ER What’s your packing style?
DF I’m a folder. It’s a time investment, but it’s rewarding when I open my luggage on the other side and see everything nicely laid out.
ER Do you pack in advance or at the last minute?
DF I aim to pack at least 24 hours before my flight.
ER Any travel hacks to share?
DF To combat jet lag, I switch time zones as soon as I board the airplane. It means I’m either forcing myself to sleep right away or fighting to stay awake – but it makes a huge difference.
What’s in David’s bag?
Acetate footprints — A catalogue of slides is essential for the planning stage: We can flip through and select ones based on their shape and size, then move them around on top of a plan.

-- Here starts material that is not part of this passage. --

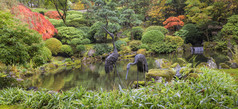 日本青铜鹤雕塑的池塘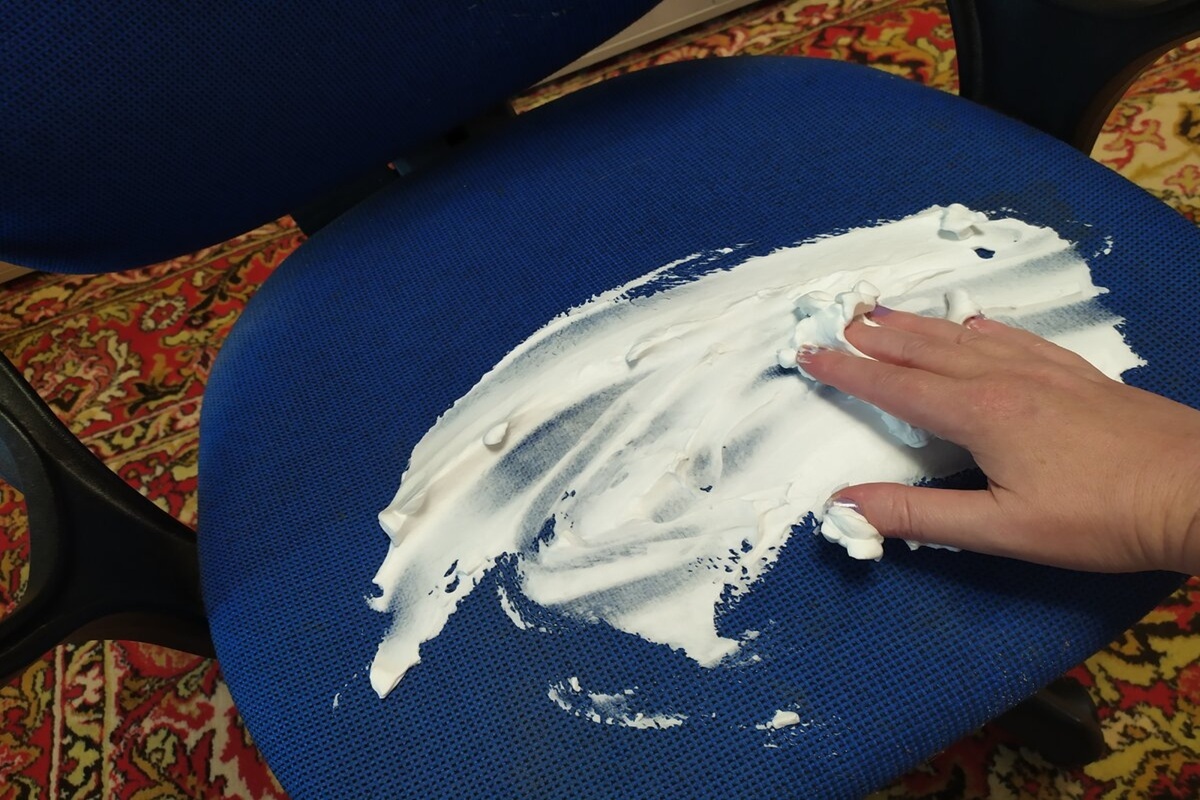 Con la schiuma da barba elimini macchie impossibili: 7 idee geniali per una casa lucidissima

Quad ruled notepad and Pilot V‑sign pen — Whether it’s to take notes during a site tour or doodle on the airplane, I always carry paper with me – the grid makes it easy to scale up sketches with the right proportions.
HP tablet laptop — I can bring plans, ideas and digital drawings to life during a pitch meeting with this tablet. But then I’ll convert it into a laptop and do all my administrative work on it, too.
Tracing paper — I use this translucent paper to superimpose waterslide sketches on site plans, then move them around to help the client visualize what it could look like.
Fibreglass samples — Waterslides are a park’s visual focal point, so we always propose a colour palette that complements the storyline we’ve developed.